PROBLEM DETAILS
The listing below should be printed exactly, every line of it. Skip the pictures.

MATERIAL PROVIDED
§
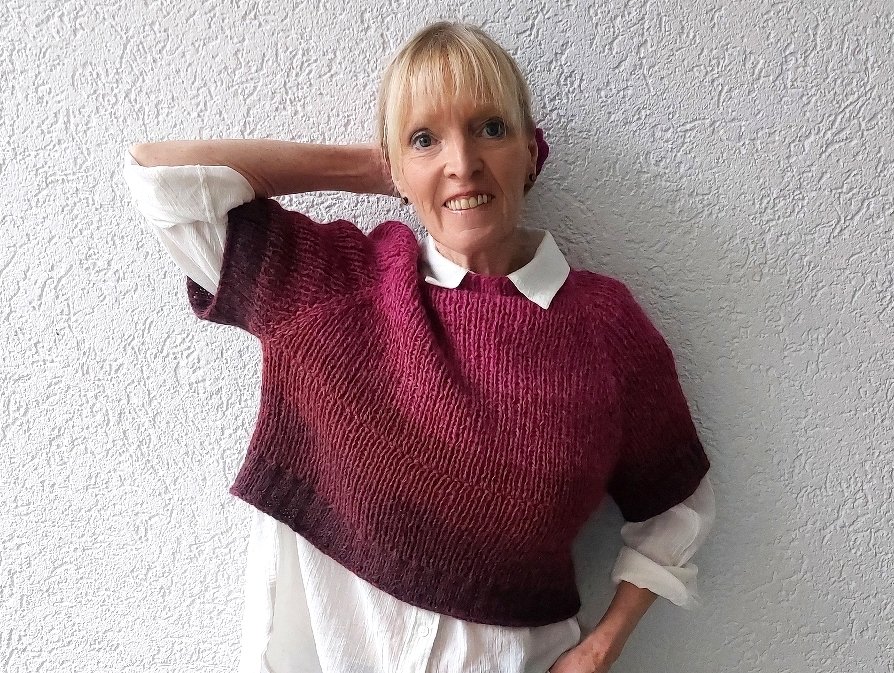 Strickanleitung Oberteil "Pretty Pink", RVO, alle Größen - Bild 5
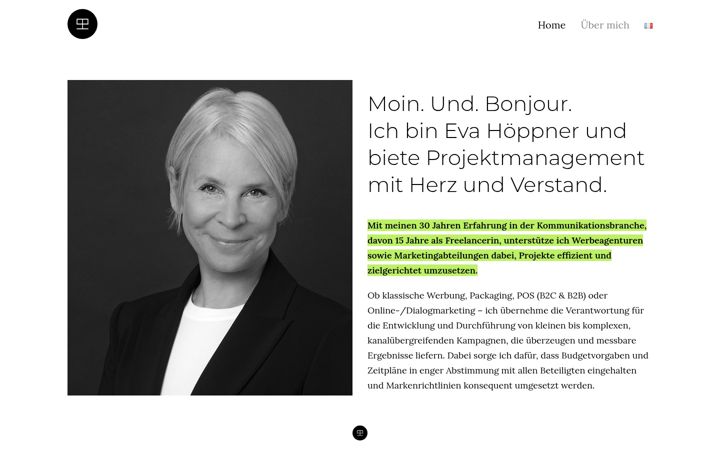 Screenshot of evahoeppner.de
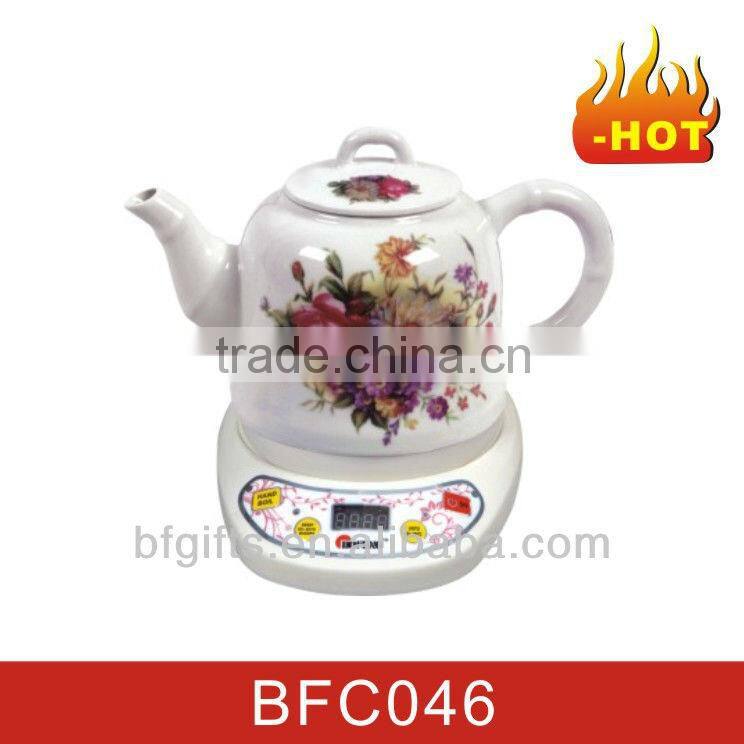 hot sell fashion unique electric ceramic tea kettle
§
ANSWER TO THE PROBLEM
 Strickanleitung Oberteil "Pretty Pink", RVO, alle Größen - Bild 5
 Screenshot of evahoeppner.de
 hot sell fashion unique electric ceramic tea kettle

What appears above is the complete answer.